Said, der Lehrer aus der parallel laufenden zweiten Geschichten, stößt zuerst auf einen alten Mann, dem er einen Brief seines Sohnes vorlesen soll. Doch er versteht dessen Sprache nicht, will dies aber nicht eingestehen und erfindet eine Botschaft des Sohnes, die den Alten hoffnungsfroh stimmt. Später begegnet Said einer Gruppe Nomaden, die in den Irak zurück wollen, und bietet sich ihnen gegen Verpflegung als Führer an –als Mann für alles, wenn sie ihn nur mitnehmen. Die Nomaden sind misstrauisch und beachten ihn erst nicht. Selbstlos stellt Said seine Tafel als Trage für einen ermatteten Mann zur Verfügung, und wenig später sogar als Mitgift, als die einzige Frau der Gruppe, eine Mutter mit Kind, ihn heiraten will. Doch am selben Tag, an dem sie heiraten, werden sie auch wieder geschieden. Die junge Frau zieht mit den Nomaden über die Grenze und Said bleibt zurück – ohne seine Tafel, die er der Frau lässt.

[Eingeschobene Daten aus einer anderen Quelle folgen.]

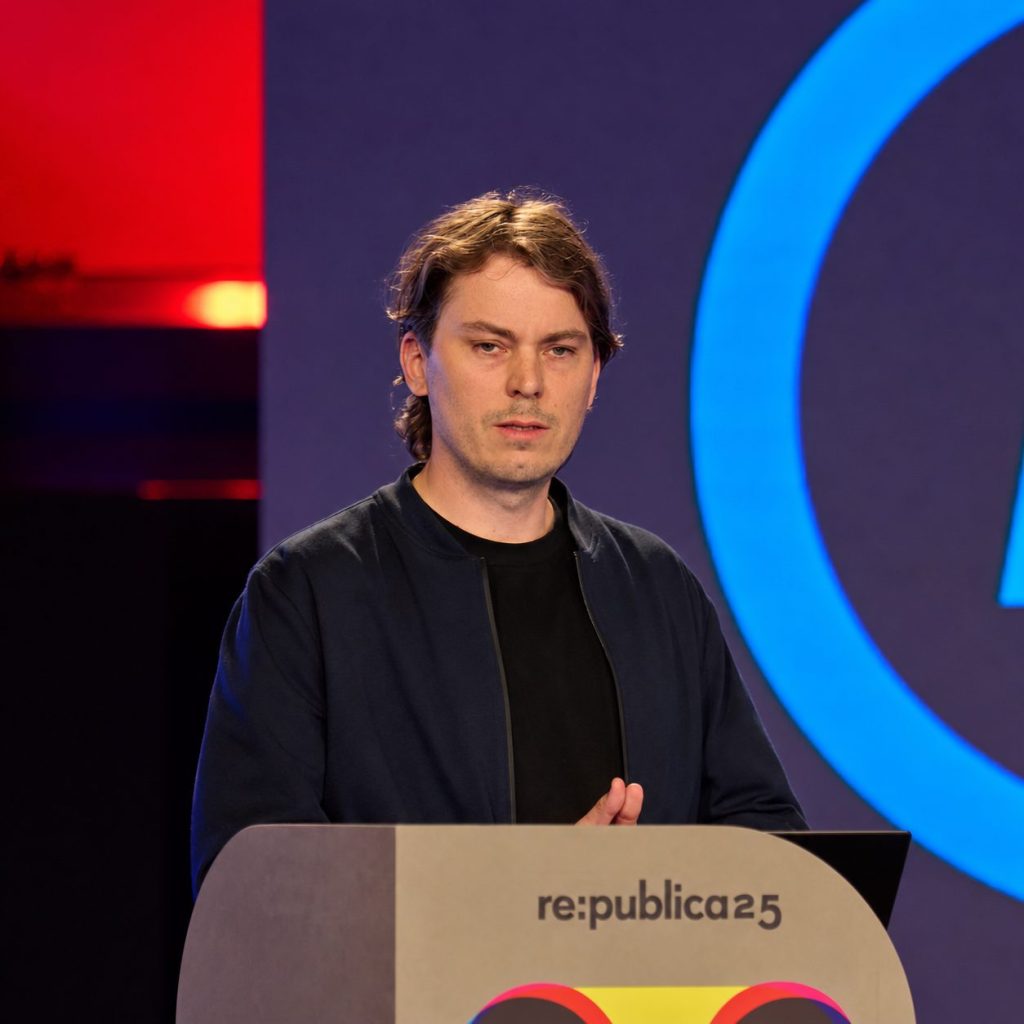 Rainer Mühlhoff erklärt, wie KI-Technologie und der neue Faschismus zusammenhängen. (Foto: Leonhard Lenz/Wikipedia/CC BY 4.0)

Samira Makhmalbaf war 20 Jahre, als sie diesen Film drehte, für den sie im Jahr 2000 beim Festival von Cannes den Jurypreis erhielt. Sie schrieb das Drehbuch gemeinsam mit ihrem Vater, dem berühmten Regisseur Mohsen Makhmalbaf, von dem sie auch das Filmemachen lernte. Wie bei ihrem ebenfalls hochdekorierten Erstlingsfilm „Der Apfel“ (fd 33 986) ist es schwer einzuschätzen, inwieweit ihr Vater auch bei der Regie zur Hand ging; da es aber einen Dokumentarfilm über die Dreharbeiten gibt, weiß man, dass die schöne Grundidee des Films – die Lehrer mit ihren Tafeln, die sich ihre Schüler selbst suchen müssen, um ihren Lebensunterhalt zu verdienen – von Samira stammt. „Schwarze Tafeln“ ist das, was man einen typischen iranischen Film nennt: wortkarg, schöne Bilder, Kinder, gebildete Menschen treffen auf einfache Menschen, eine universelle Geschichte. Die einsame Berglandschaft ist dieselbe wie in „Die Zeit der trunkenen Pferde“ (fd 35 110) von Bahman Ghobadi (der hier als Darsteller des Said zu sehen ist), und wie viele andere iranische Filmemacher arbeitet auch Samira weitgehend mit Laiendarstellern. Der inhaltlich komplexe Film hat durchaus einige inszenatorische Schwächen und Längen und ist von daher nicht ganz so beeindruckend wie ihr Debütfilm. Das Ungewöhnliche an ihm ist vor allem, dass der Regisseurin ein Road Movie mit Fußgängern gelungen ist, einen Film, in dem es fast nur Männer gibt, dass er in Kurdisch gedreht ist (im Original mit Untertitel in Farsi) und dass zwei stimmige Geschichten sehr lose miteinander verbunden sind, fast schon im Sinne einer nachdenklichen Lektion oder auch einer biblischen Geschichte, dass jeder sein Kreuz tragen muss, nicht nur, weil das Leben in der kaum besiedelten Bergregion voller Entbehrungen ist.
Im Vordergrund steht nicht das Wissen in Form der Tafeln, sondern der soziale und humanitäre Aspekt, weil es darum geht, wie sich ein Fremder in eine Gruppe integrieren kann. Beide Lehrer schaffen es eigentlich nur, weil sie penetrant und zuvorkommend zugleich sind – und weil sie erkennen, dass es wichtiger sein kann, anderen beim täglichen Kampf ums Überleben zu helfen als ihnen Schreiben und Lesen beizubringen. Symbol dafür ist, dass beide Lehrer ihre Schultafeln freiwillig weggeben und gerade jener Junge stirbt, der ein bisschen schreiben gelernt hat; auch, dass der Lehrer gar nicht die richtige Sprache beherrscht und er in dem Fall, wo er als Schriftgelehrter versagt, als Psychologe erfolgreich ist. So ist der Film auch eine philosophische Studie über das Überwinden von politischen, sozialen und mentalen Grenzen, was man erst mühsam lernen muss, aber eben auch lernen kann.